Answer
See graph and explanations.
Work Step by Step
Step 1. Identify the domain of the function: rewriting the function as $y=\frac{x^2-2-2}{x^2-2}=1-\frac{2}{x^2-2}=1-\frac{2}{(x+\sqrt 2)(x-\sqrt 2)}$, we can identify the domain as $(-\infty,-\sqrt 2)\cup (-\sqrt 2,\sqrt 2)\cup (\sqrt 2,\infty)$. The function is an even function and is symmetric with respect to the $y$-axis ($f(-x)=f(x)$).
Step 2. Take derivatives to get $y'=\frac{4x}{(x^2-2)^2}$ and $y''=\frac{4(x^2-2)^2-8x(x^2-2)(2x)}{(x^2-2)^4}=-\frac{4(3x^2+2)}{(x^2-2)^3}$.
Step 3. We can find the possible critical points as $x=0, \pm\sqrt 2$. Check the signs of $y'$ across the critical points: $..(-)..(-\sqrt 2)..(-)..(0)..(+)..(\sqrt 2)..(+)..$; thus the function decreases on $(-\infty, -\sqrt 2),(-\sqrt 2,0)$ and increasess on $(0,\sqrt 2),(\sqrt 2,\infty)$. A local minimum can be found at $y(0)=2$. There is no absolute maximum or minimum.

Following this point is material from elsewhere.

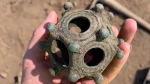 A rare Roman dodecahedron was found in Lincolnshire, England last summer and is set to go on display in the Lincoln Museum in Lincoln, England. (Norton Disney History and Archaeology Group via CNN Newsource)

Step 4. Check concavity across $x=\pm\sqrt 2$ with signs of $y''$:$..(-)..(-\sqrt 2)..(+)..(\sqrt 2)..(-)..$; thus the function is concave up on $(-\sqrt 2,\sqrt 2)$ and concave down on $(-\infty,-\sqrt 2),(\sqrt 2,\infty)$, but there is no inflection point as the function is not defined at $x=\pm\sqrt 2$..
Step 5. We can identify vertical asymptotes as $x=\pm\sqrt 2$, and a horizontal asymptote as $y=1$.
Step 6. The x-intercepts can be found by letting $y=0$ to get $x=\pm2$, and the y-intercept is $y(0)=2$.
Step 7. Based on the above results, we can graph the function as shown in the figure.